In Chapter 5 we demonstrated that cultured G. barretti cells can be genetically modified with the CRISPR/Cas12a system. We used CRISPR/Cas12a to introduce a double‐stranded break at a target site in the G. barretti 2',5'‐oligoadenylate synthetase gene, and inserted a scrambled DNA sequence through homology‐directed repair by providing a single‐stranded DNA donor with short homology arms. A longer double‐stranded DNA donor was used to insert and express blue fluorescent marker gene TagBFP, although efficiencies were low. Introducing longer constructs as single‐stranded donors may allow more efficient gene editing. Our results represent an important step towards developing a molecular tool box for sponge cells.
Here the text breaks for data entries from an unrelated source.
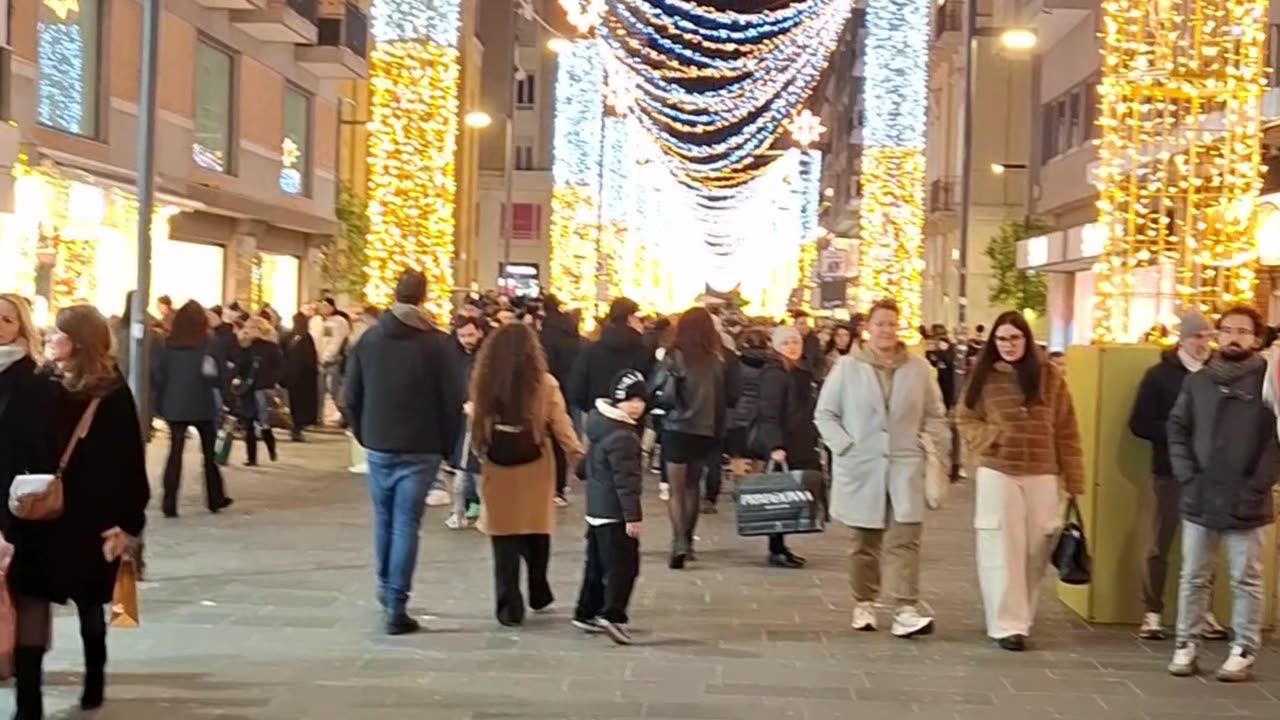 JENNA ORTEGA IN ITALY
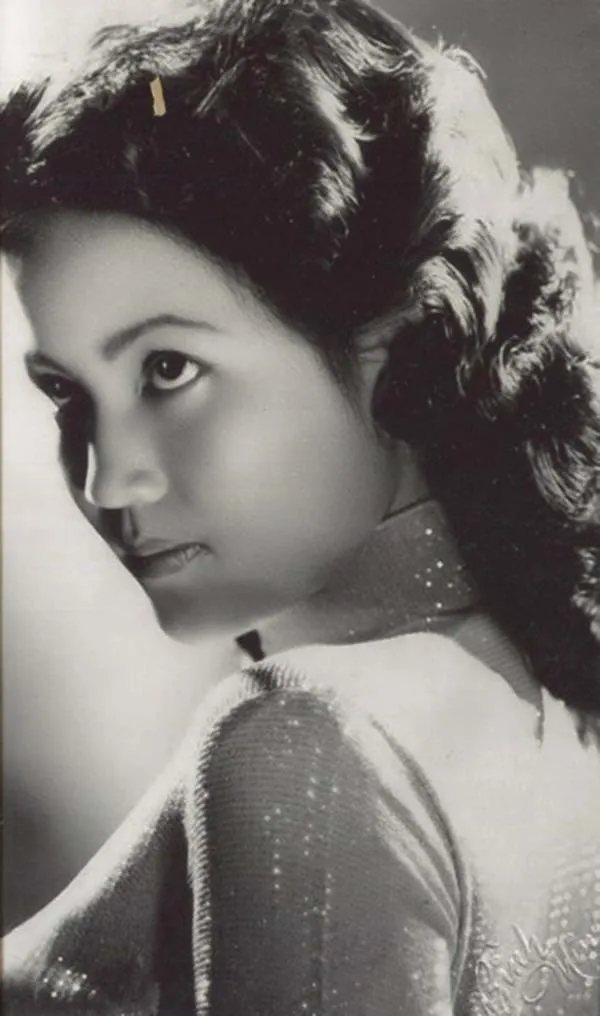 Trong thập niên 1960, bà cũng xuất hiện trong các bộ phim của Mỹ như A Yank in Vietnam (1964) và Operation C.I.A. (1965) (diễn chung với Burt Reynolds). Kiều Chinh là diễn viên chính và cũng là người sản xuất bộ phim về chiến tranhNgười tình không chân dung (1971), cuốn phim sau này đã được tái bản và trình chiếu trong Đại hội Điện ảnh Việt Nam Quốc tế tại Mỹ năm 2003. Trong thập niên 1960, bà cũng xuất hiện trong các bộ phim của Hoa Kỳ như A Yank in Vietnam (1964) và Operation C.I.A. (1965) (diễn chung với Burt Reynolds). Kiều Chinh là diễn viên chính và cũng là người sản xuất bộ phim về chiến tranh Người tình không chân dung (1971), cuốn phim sau này đã được tái bản và trình chiếu trong Đại hội Điện ảnh Việt Nam Quốc tế tại Hoa Kỳ năm 2003.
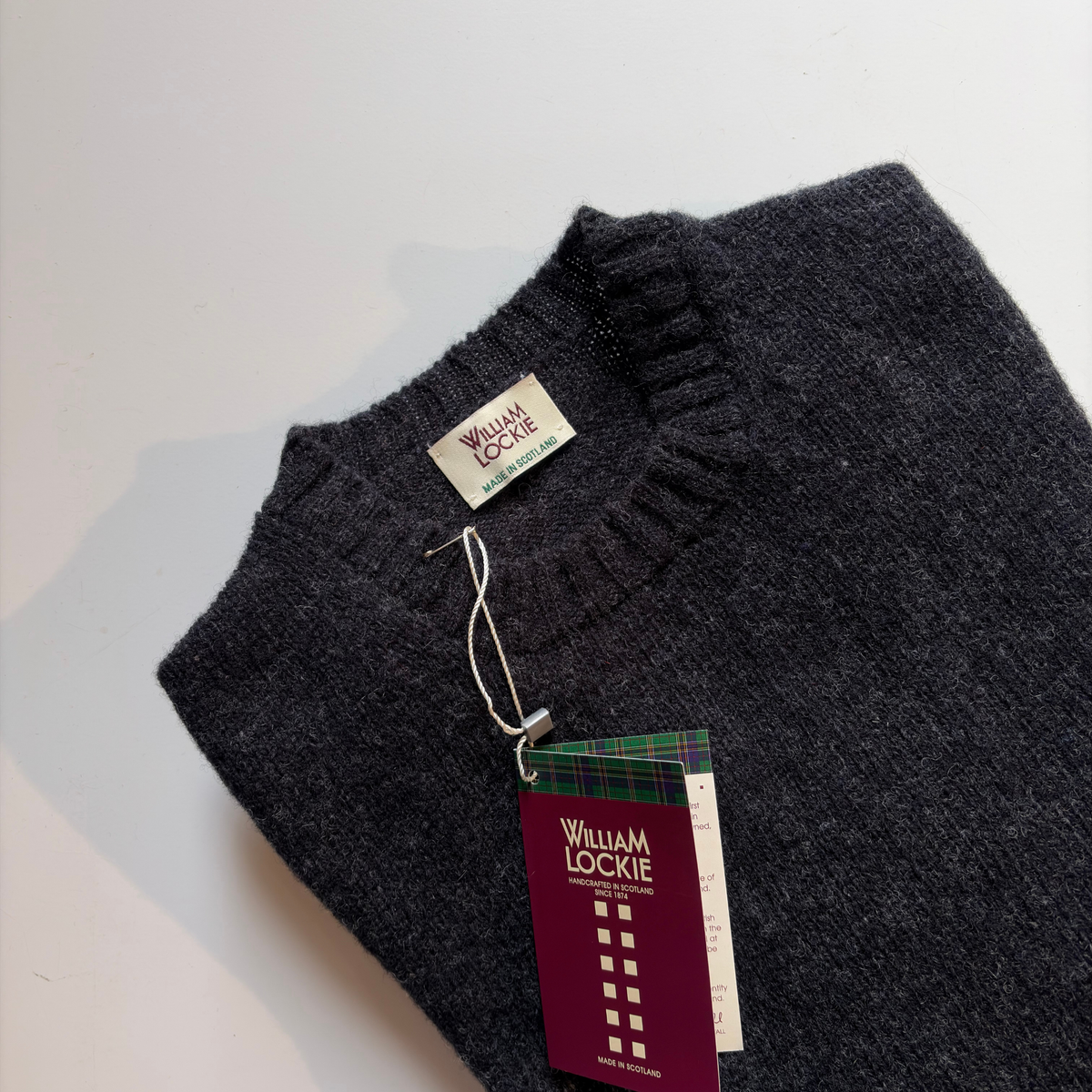 WILLIAM LOCKIE - Artyan Sh Lambswool Crew Charcoal/190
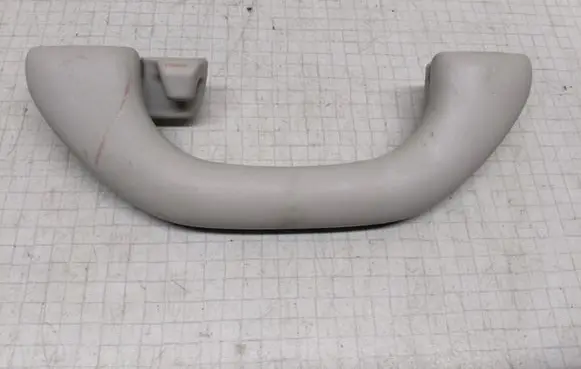 Volkswagen Golf IV Rear interior roof grab handle 6N0857607G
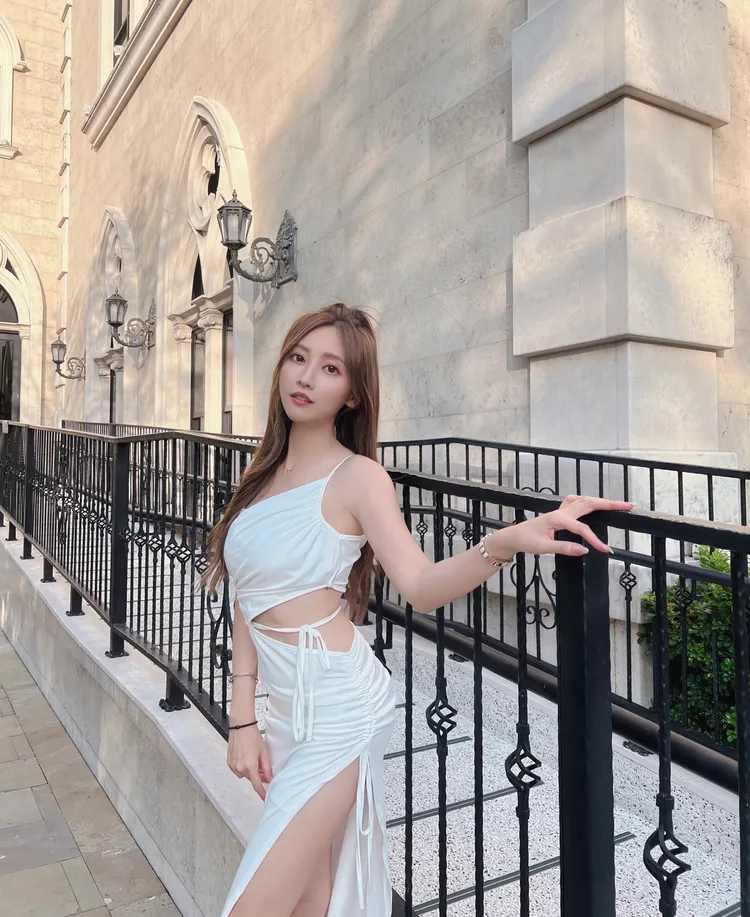 氣質仙氣、身材魔鬼的珮珮吸粉無數。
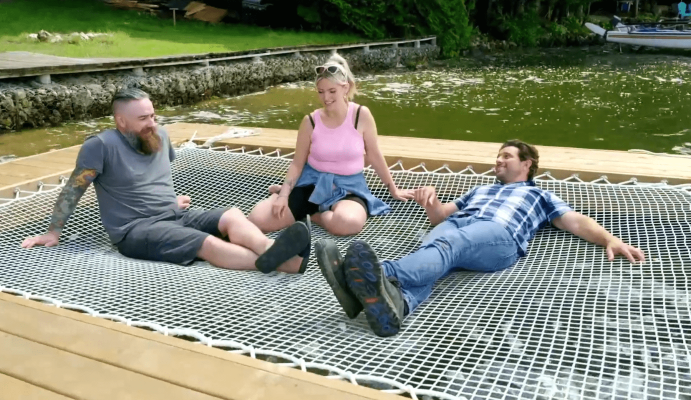 Filet d'habitation sur ponton en bois au-dessus de l'eau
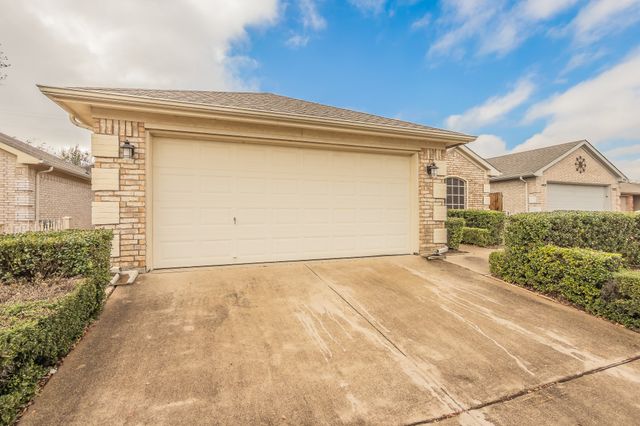 10537 Splitridge Court, Fort Worth, TX 76108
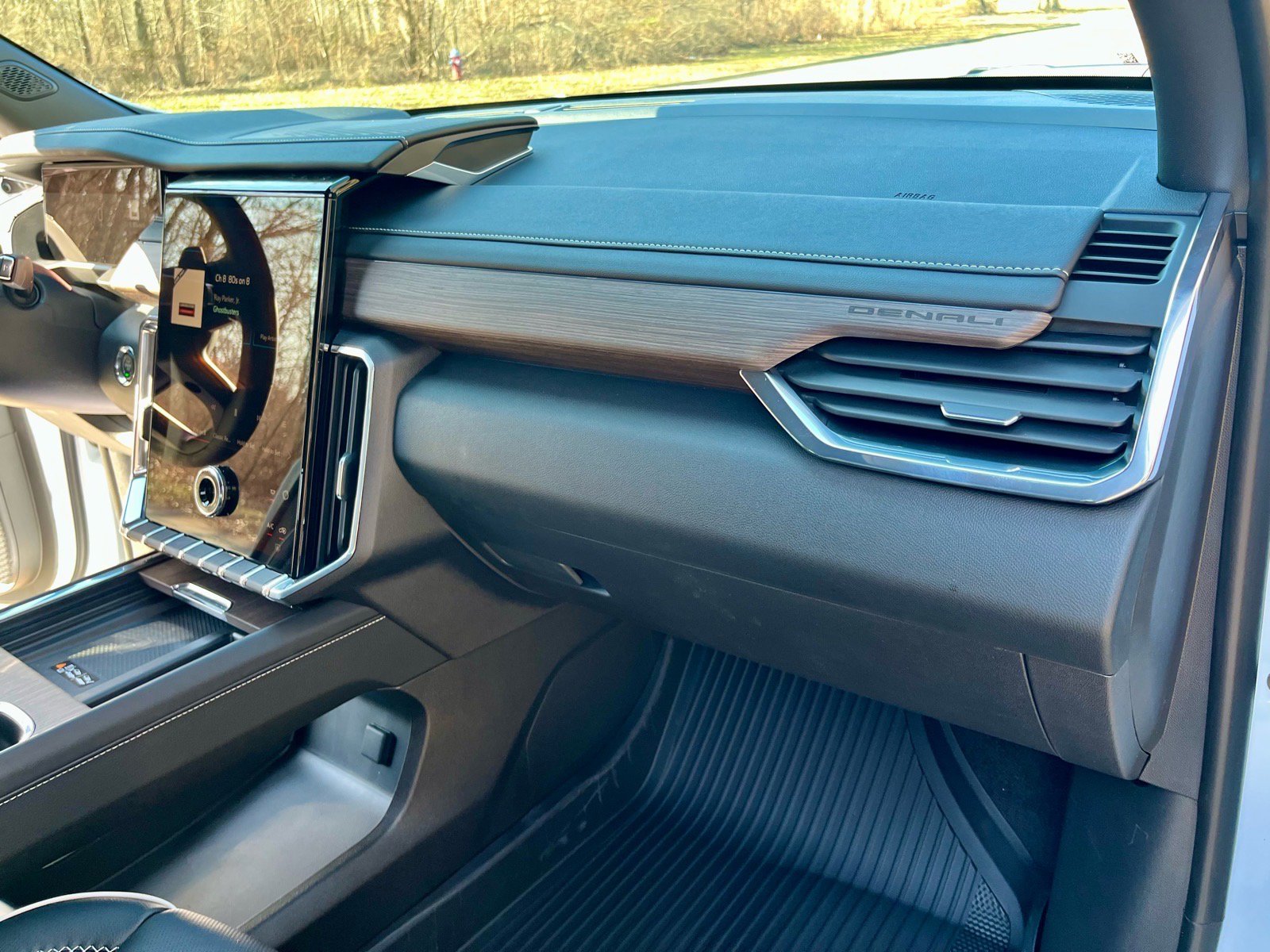 New 2026 GMC Acadia Denali w/ Super Cruise Package image 21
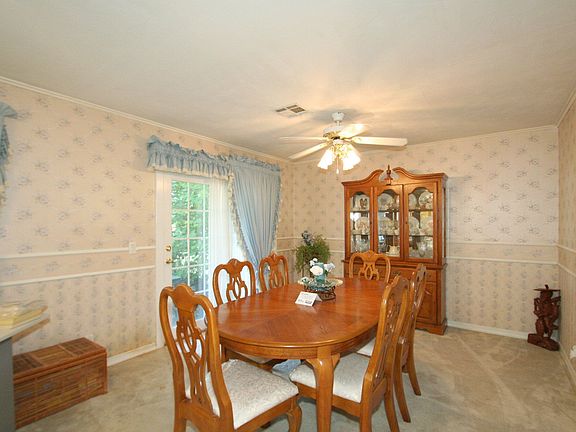 GREAT DINING AREA OFF KITCHEN 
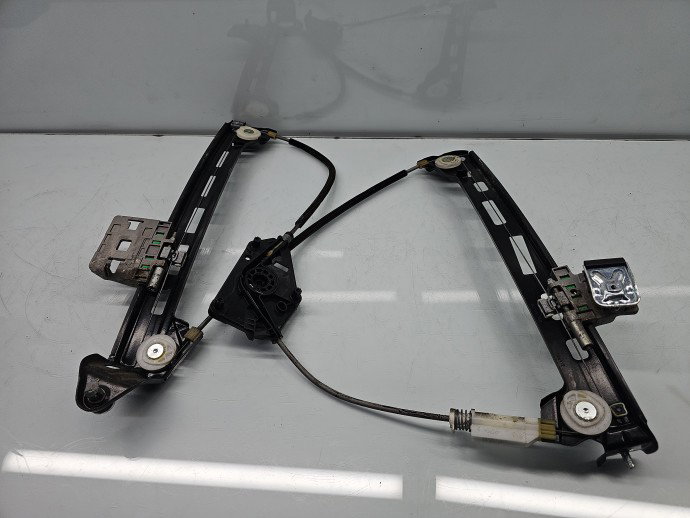 Macara electrica geam dreapta fata Volkswagen Passat CC (358) [Fabr 2012-2016] Coupe 3C8837462J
Chapter 6 reflects on what we have learned in the previous chapters, which questions have arisen from this new knowledge, and what next steps should be taken. Our results seem to implicate bad luck in choosing model organisms as the main reason why sponge cells were not cultured successfully before. Sponge cells can divide incredibly rapidly, and we hypothesize that the cells may be dividing without replicating their genome, either because tetraploid cells are present to immediately start regenerating the sponge after damage, or because the sudden change in the presence of nutrients may trigger the cells to undergo meiosis, a trait found in a phylogenetically‐related group, the unicellular choanoflagellates. Active telomerase found in sponge cells and the age sponges are reported to reach in the wild suggest sponges may be naturally immortal. Studying telomere length in the G. barretti cell line may help shed light on this matter, as well as elucidating how sponges repair DNA damage to maintain genomic integrity during their long lifespan. If sponge cells are indeed immortal, we will not need CRISPR‐Cas12a to immortalize sponge cells. However, this versatile tool has many other uses in developing production strains from sponge cells, for example by upregulating metabolic pathways to increase product yields or knocking out other pathways to direct resources to the product.

Finally, we discuss the future of sponge biotechnology. Now that we can culture sponge cells consistently and possibly continuously, many new lines of research have opened up. Methods used to develop the G. barretti cell line can be applied to other species. However, high levels of inter‐ and intraspecies variation in sponges means model organisms and source material will need to be assessed carefully using preliminary experiments, and establishing cell lines will require species‐specific optimizing of media and culture conditions. Sponge cell lines are an ideal model system for all kinds of experiments, for example to predict the impact of warmer and more acidic oceans due to climate change, study animal‐microbe (endo)symbiosis, or determine how bioactive compounds are produced. Understanding these pathways will help improve yields and produce sufficient supply of bioactive compounds for clinical trials and treatment. Before sponge cell lines can produce bioactive compounds on an industrial scale, different bioreactors will need to be tested at a small scale to determine the most efficient design. If sponge cell lines can be axenic and how this would affect desired compounds still needs to be determined. Many new challenges await, but we now have the required tools and knowledge to overcome these challenges. It is the dawn of a new era in sponge biotechnology.